Gugatan tersebut, diajukan pada Kamis (24/2) petang dengan Nomor: 27/PUU/PAN.MK/AP3/02/2022, dan telah tercatat dalam situs resmi Mahkamah Kontitusi. Uji materi diajukan oleh Ketua Umum Partai Gelora Indonesia Anis Matta bersama Wakil Ketua Umum Fahri Hamzah dan Sekretaris Jenderal Mahfuz Sidik.
Menurut Ketua Bidang Hukum dan HAM DPN Partai Gelora Indonesia, Amin Fahrudin pihaknya berharap agar Pemilu 2024 tidak digelar serentak. Pertimbangannya, ada preseden buruk pada pemilu 2019 yakni adanya kematian petugas Kelompok Penyelenggara Pemungutan Suara KPPS.
Selain itu, ia menilai, hasil Pemilu serentak yang diselenggarakan pada 2019 lalu menjadi ancaman serius bagi keberlangsungan demokrasi.
“Ancaman tersebut kita rasakan belakangan ini, di mana mekanisme check and balance tidak berjalan dengan baik.
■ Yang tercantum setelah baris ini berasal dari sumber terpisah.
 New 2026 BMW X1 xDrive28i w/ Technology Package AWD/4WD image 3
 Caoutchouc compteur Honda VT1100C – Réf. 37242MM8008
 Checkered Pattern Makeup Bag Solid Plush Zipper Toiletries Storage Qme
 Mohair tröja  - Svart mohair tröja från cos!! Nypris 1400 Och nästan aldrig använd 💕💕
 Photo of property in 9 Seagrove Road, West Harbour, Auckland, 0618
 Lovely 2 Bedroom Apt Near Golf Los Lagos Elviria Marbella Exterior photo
Kekuasaan Presiden sebagai eksekutif begitu kuat mencengkeram DPR sebagai lembaga legislatif,” kata Amin Fahrudin dalam keteranganya, Jumat (25/2).
Amin menambahkan, proses legislasi yang mengikuti kemauan eksekutif juga terjadi pada pengesahan UU Ibu Kota Negara (IKN) baru pada 18 Januari 2022. Penyusunan UU tersebut tercepat, yakni selama 25 hari berlangsung saat masa reses dan diselesaian dalam waktu 42 hari, tanpa melibatkan partisipasi publik dalam proses penyusunan UU.
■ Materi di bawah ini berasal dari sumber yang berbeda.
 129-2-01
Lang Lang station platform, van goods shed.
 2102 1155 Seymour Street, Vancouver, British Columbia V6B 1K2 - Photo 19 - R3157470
“Ini menjadi bukti nyata betapa proses legislasi sebagai salah satu fungsi DPR tidak dijalankan dengan baik. DPR tunduk pada pesanan eksekutif,” ujar Amin seperti dikutip dari jawapos.com.
Karena itu, lanjut Amin, dari akar persoalan ini dapat ditarik kesimpulan bahwa pelaksanaan Pemilu 2019 secara serentak antara Pemilihan Presiden (Pilpres) dan Pemilihan Legislatif (Pileg), yang juga akan diterapkan pada Pemilu 2024 ini, telah menciptakan berbagai persoalan.
Sebab, Pemilu serentak menyebabkan pemilih lebih berfokus pada pemilihan presiden. Hal ini bisa dilihat pada perbandingan suara tidak sah dalam pelaksanaan Pemilu 2019, di mana suara tidak sah untuk Pilpres mencapai 2,38 persen (3.75.905 suara).
Sementara suara tidak sah untuk pemilihan anggota DPR mencapai 11,12 persen (29.710.175 suara) dan suara tidak sah untuk pemilihan anggota DPD mencapai 19,02 persen (17.503.393 suara).